The study deployed a well-suited paradigm (Cockburn et al., 2022) to examine age-related changes in decision-making behavior. The experiment enables a clean dissociation between (sensory) stimulus novelty and reward uncertainty and is amenable to both statistical and computational modeling of participant behavior. Notably, the authors took great care in adapting the paradigm for children and ensuring that all participants understood instructions involving the experimental manipulation (e.g., that the reward uncertainty resets every block while some stimuli might occur more often).

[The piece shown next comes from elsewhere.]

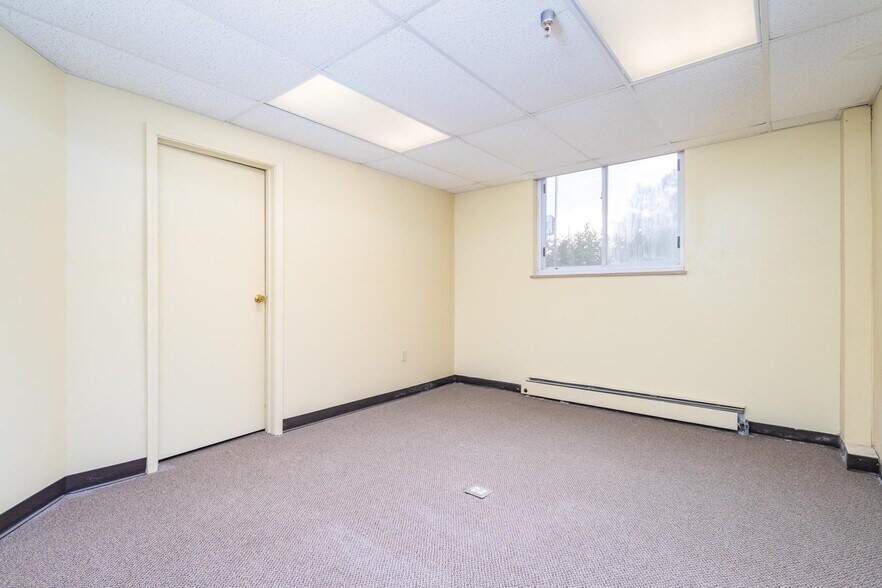 More Photos Of 3045 Pennsylvania Ave, Weirton Medical For Sale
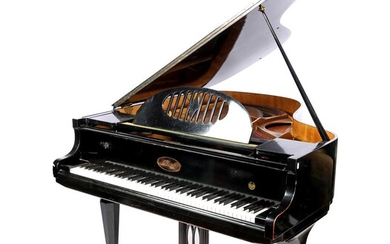 (-), Piano / grand piano in black case,...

Another strength of this article is its multi-methodical approach to examining the core hypothesis that age-related changes in exploratory behavior are driven by how novelty and reward uncertainty influence choice evaluation. The statistical analyses appear sound and replicate prior findings. Moreover, the statistical analyses comport the results from a formal comparison of different reinforcement learning models (each implementing a different hypothesis). Notably, the authors demonstrate the validity of the comparison by showcasing model recovery on synthetic data.

Weaknesses

The only critical weakness I could identify pertains to the conclusion that children did not use reward uncertainty "to guide their decisions." This argument rests on the observation that children's choices were unaffected by reward uncertainty. However, the authors observed that RTs were affected by reward uncertainty, leading them to conclude that children may be aware of the reward uncertainty but don't factor it into the decision-making process. If RTs were regarded as a more sensitive measure than choices, then reward uncertainty might arguably still affect the decision process. This hypothesis may be better tested by fitting a drift-diffusion model to both choices and RTs and examining the effect of reward uncertainty on the rate of evidence accumulation. The advantages of this method would be that the model is fit using more information (choices and RTs) and that it allows dissociating mechanisms for biasing the decision process (e.g., rate of evidence accumulation) from mechanisms for delaying the decision process (response threshold).

Impact

From a conceptual point of view, the study contributes novel insights into developmental changes in decision-making behavior while, at the same time, offering a valuable replication of previous findings (Cockburn et al., 2022).

From a technical point of view, the adopted paradigm and modeling effort provide a valuable tool for other researchers to examine the distinctive contributions of novelty and reward uncertainty to human decision-making. Therefore, I applaud the authors for making their data, analysis, and code available on OSF.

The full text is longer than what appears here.